Empezar el día

Hay días que se llevan fáciles. Te despertás con energía, no hay tráfico en la calle, el tinto de la oficina está particularmente bueno, te cancelan una reunión innecesaria, te encontrás plata en un bolsillo, le encontrás ritmo al libro de Roberto Arlt.
También hay viernes que pintan maravillosos hasta que te das cuenta, a eso de las 10:00 de la mañana, de que es miércoles.
Pero a otros les gusta complicarse, sin importar el día, y desde temprano. Manejo en esta ciudad de tráfico caótico y cuando insulto (porque lo hago, claro) lo hago sin bajar la ventanilla, un pensamiento en voz alta, más bien, mezcla de susto y asombro. Y es que transitar por la 80 es un reto a la paciencia.
Sé de choques múltiples a la hora en que, todavía, hay que circular con las luces encendidas.

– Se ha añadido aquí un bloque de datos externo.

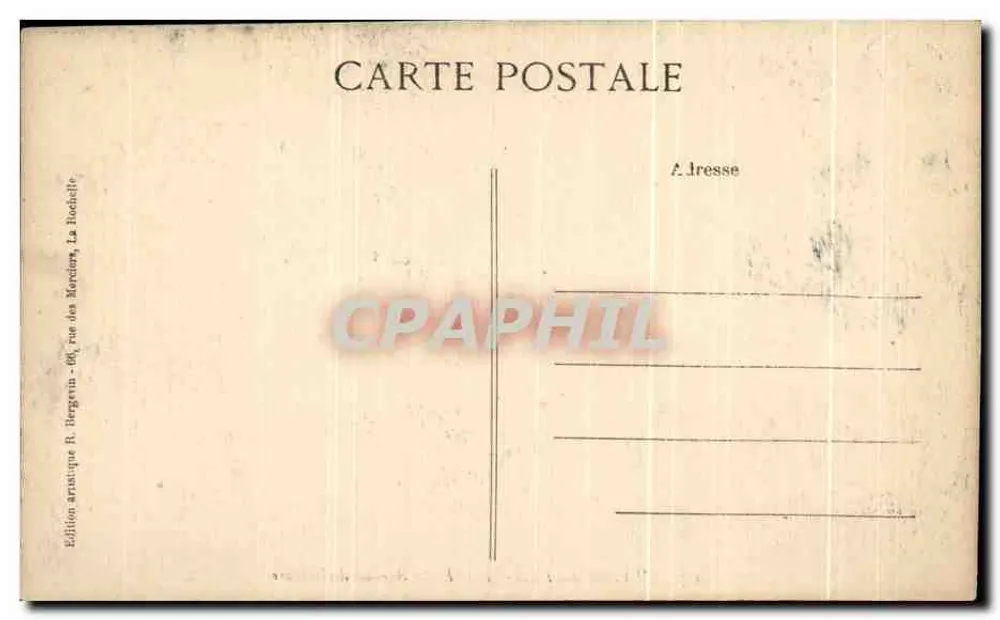 Châtelailly-Plage — Avenida da Estação — Edição artística R. Bergévin - Verso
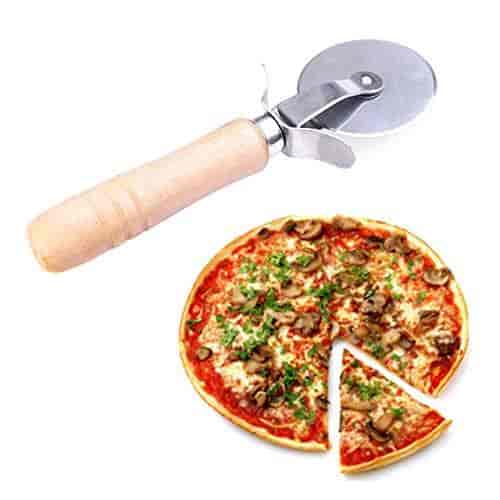 1x Stainless Steel Pastry Nonstick Pizza Cutter Wheel Slicer Blade Roller Tools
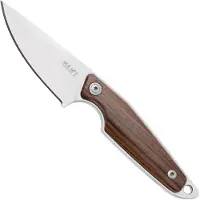 MKM Knives MKM Makro 1 Droppoint MK-MA01-S Santos Wood, cuchillo fijo, diseño Jesper Voxnaes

He visto gente gritarse, de un carro a otro, antes de que empiece el pico y placa. He sido testigo de motociclistas luchando contra buses a toda velocidad. Sé de gente presta para el insulto antes del alba. He oído pitazos madrugadores tan largos como un solo de guitarra de David Gilmour.
Siempre pienso en el resto de la jornada de esos fulanos. Ha de ser harto eso de madrugar a chocarse, a pelear con el mal parqueado, a encolerizarse con los demás. Debe ser agotador luchar para colarse en la fila de carros todos los días y arrastrar los insultos que eso conlleva, sabiendo que, de todas maneras, ya se tiene un lugar reservado en algún círculo del infierno.
“No me molesta una cantidad razonable de problemas”, le dice Sam Spade a Kasper Gutman, mientras intentan hacerse con el Halcón Maltés. Estoy de acuerdo, pero prefiero dejarlos para más tarde… y que sean cosas importantes.